Degree of saturation (S): 

It is the ratio of volume of water to the volume of voids present in soil sample. Its value vary from 0 to 1.

\({\rm{S = }}\frac{{{{\rm{V}}_{\rm{w}}}}}{{{{\rm{V}}_{\rm{V}}}}}\)

Void ratio (e): 

It is the ratio of volume of voids to the volume of solids present in soil sample. Void ratio of fine grained soid is greater than coarse grained soil.

\({\rm{e = }}\frac{{{{\rm{V}}_{\rm{V}}}}}{{{{\rm{V}}_{\rm{S}}}}}\)

Water content (w): 

It is the ratio of weight of water to the weight of solids present in soil sample.

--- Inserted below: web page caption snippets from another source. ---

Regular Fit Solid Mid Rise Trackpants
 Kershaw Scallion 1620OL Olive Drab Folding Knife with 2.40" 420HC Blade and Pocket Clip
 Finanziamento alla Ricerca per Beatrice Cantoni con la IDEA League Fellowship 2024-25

Water content of fine grained soid is greater than coarse grained soil.

\({\rm{w = }}\frac{{{{\rm{W}}_{\rm{w}}}}}{{{{\rm{W}}_{\rm{s}}}}}\)

Specific gravity (G): 

It is the ratio of unit weight of any substance to the unit weight of water.

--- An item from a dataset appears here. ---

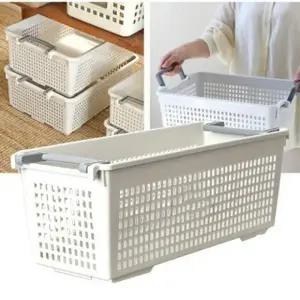 ( )EA 손잡이 바스켓 중 적층 장난감 소품정리 플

\({\rm{G = }}\frac{{{{\rm{\gamma }}_{\rm{s}}}}}{{{{\rm{\gamma }}_{\rm{w}}}}}\)

The relationship between e and n is given by,

\({\rm{\;n}} = {\rm{}}\frac{{\rm{e}}}{{1\: + \:{\rm{e}}}}\)

The relationship between S, e, w and G is given by,

Se = wG

Calculation:

Given,

Gs = 2.71, n = 40% = 0.4 and w = 20% = 0.2

The relationship between e and n is given by

\({\rm{n}} = {\rm{}}\frac{{\rm{e}}}{{1\: + \:{\rm{e}}}}\)

It can be written as,

\(\begin{array}{l} {\rm{e}} = \frac{{\rm{n }}}{{1 - {\rm{n }}}} \end{array}\)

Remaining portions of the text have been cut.